A paper posted by the research team suggests that while traditionally researchers have used a large number of images to create a talking head model, a new technique can achieve it by few, or potentially even one image.
In a video, engineer Egor Zakharov, explains that although it’s possible to create a model through a single image, training it through multiple images “leads to higher realism and better identity preservation.”
Samsung said that the model creates three neural networks during the learning process. First, it creates an embedded network that links frames related to face landmarks with vectors. Then using that data, the system creates a generator network which maps landmarks into the synthesized videos. Finally, the discriminator network assesses the realism and pose of generated frames.
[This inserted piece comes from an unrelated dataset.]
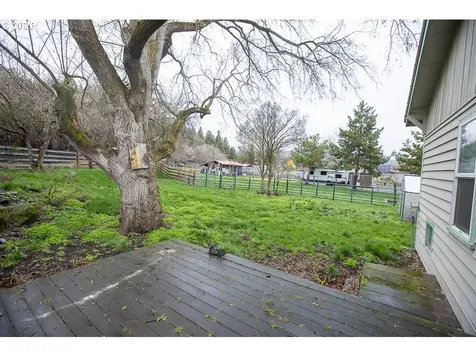 204 Crook Avenue La Grande OR 97850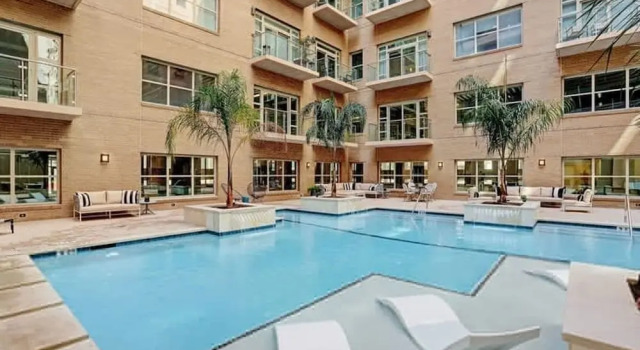 Comfort at the Star I 2 Bed Apt in Houston, Забронировать Апарт-отель Хьюстон Texas Gulf Coast, рядом с Станция хьюстонского скоростного трамвая "Белл"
It even shows off animated headshots of well-known figures like Leonardo Da Vinci’s Mona Lisa, Albert Einstien, and Marilyn Monroe. To achieve that, the model referred to thousands of YouTube videos of celebrities talking (from VoxCeleb2 dataset) at the meta-learning stage. That helped it understand face landmarks and movements.
The paper says such ability has practical applications for telepresence, including video conferencing and multi-player games, as well as the special effects industry.
However, there’s a huge possibility that the model can be used to create deep fakes. We’ve seen in the past how deep fakes have been used to create impersonations of celebrities including fake porn videos.